# Data Analysis with NumPy and Pandas

## Project Overview
This notebook serves as a comprehensive guide and reference for fundamental data analysis techniques using Python's core libraries: **NumPy** and **Pandas**. It covers array manipulation, data cleaning, transformation, and exploratory data analysis (EDA).

## Tech Stack
- **NumPy**: High-performance multidimensional array object and tools for working with these arrays.
- **Pandas**: Data structures and data analysis tools.
- **Matplotlib/Seaborn**: Data visualization.

---


In [None]:
# Install required packages (run once)
!pip install -q numpy pandas matplotlib seaborn


In [None]:
import numpy as np
import pandas as pd
import matplotlib.pyplot as plt
import seaborn as sns

# Configuration for cleaner output
np.set_printoptions(precision=2, suppress=True)
pd.set_option('display.max_columns', None)
sns.set_theme(style="whitegrid")

## Part 1: NumPy Essentials
NumPy (Numerical Python) is the foundation for numerical computing in Python.


In [None]:
# 1. Creating Arrays
arr_1d = np.array([1, 2, 3, 4, 5])
arr_2d = np.array([[1, 2, 3], [4, 5, 6]])
arr_zeros = np.zeros((3, 3))
arr_range = np.arange(0, 10, 2)

print("1D Array:", arr_1d)
print("2D Array Shape:", arr_2d.shape)
print("Range Array:", arr_range)

In [None]:
# 2. Array Attributes
print(f"Dimensions (ndim): {arr_2d.ndim}")
print(f"Shape: {arr_2d.shape}")
print(f"Size (total elements): {arr_2d.size}")
print(f"Data Type (dtype): {arr_2d.dtype}")

In [None]:
# 3. Reshaping and Indexing
arr_reshaped = np.arange(12).reshape(3, 4)
print("\nReshaped (3x4):\n", arr_reshaped)

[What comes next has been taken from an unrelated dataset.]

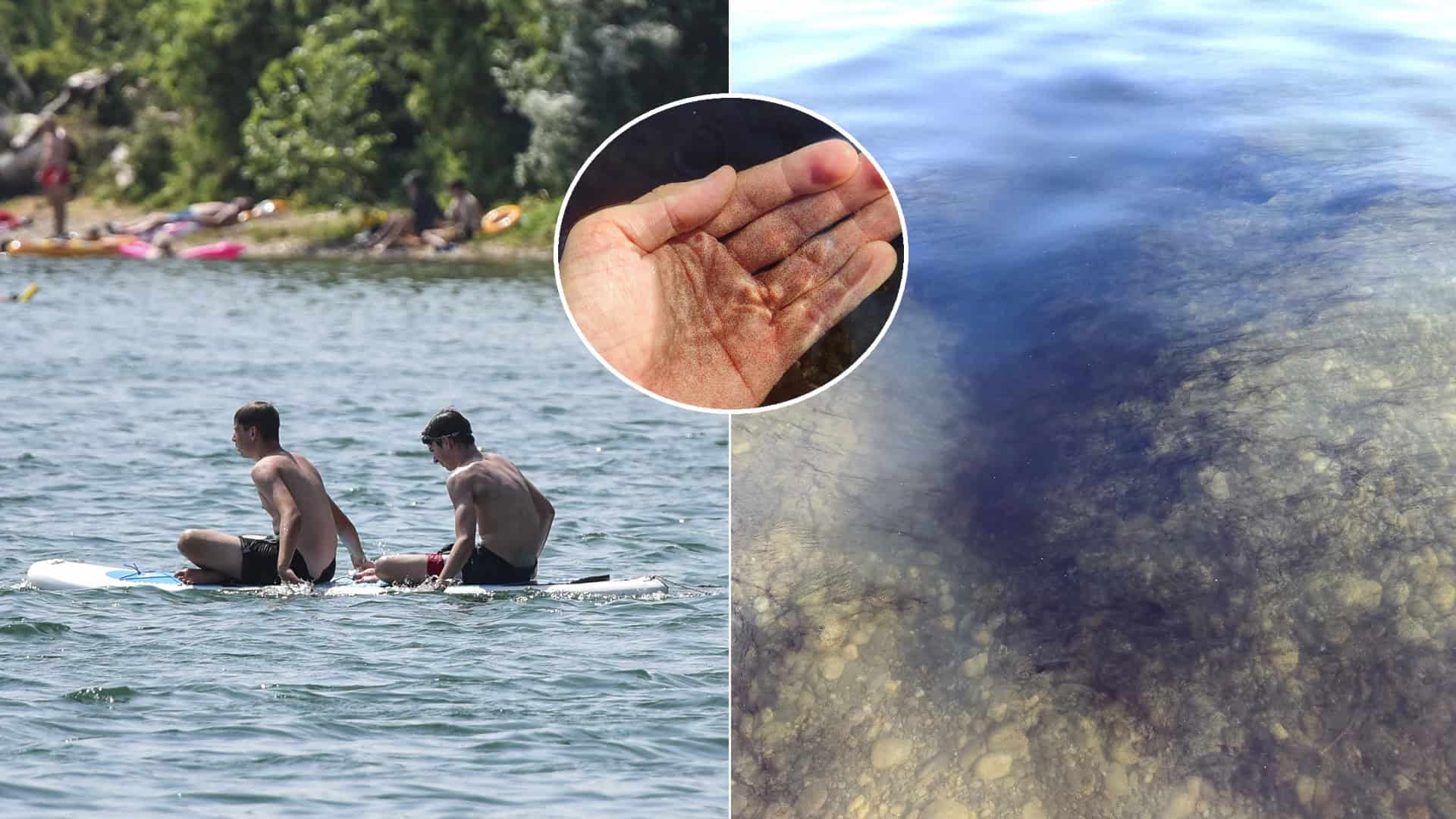 kúpanie Vajnorské jazero výskyt Stentora amethystinus alebo tzv. nálevníka.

# Slicing: Rows 0-1, Columns 1-3
subset = arr_reshaped[0:2, 1:3]
print("\nSubset:\n", subset)

In [None]:
# 4. Mathematical Operations
data = np.random.randn(1000)  # Generate 1000 random numbers
print(f"Mean: {np.mean(data):.4f}")
print(f"Std Dev: {np.std(data):.4f}")
print(f"Max: {np.max(data):.4f}")

## Part 2: Pandas Data Analysis
Pandas provides high-level data structures (Series, DataFrame) for data manipulation.


In [None]:
# 1. Creating a DataFrame
data = {
    'Name': ['Alice', 'Bob', 'Charlie', 'David', 'Eva'],
    'Age': [25, 30, 35, 40, 22],
    'Department': ['HR', 'Engineering', 'Engineering', 'HR', 'Marketing'],
    'Salary': [50000, 80000, 90000, 60000, 45000]
}
df = pd.DataFrame(data)
df

In [None]:
# 2. Data Inspection
print("--- Info ---")
df.info()

print("\n--- Descriptive Statistics ---")
print(df.describe())

In [None]:
# 3. Filtering and Selection
high_earners = df[df['Salary'] > 55000]
print("High Earners (>55k):\n", high_earners)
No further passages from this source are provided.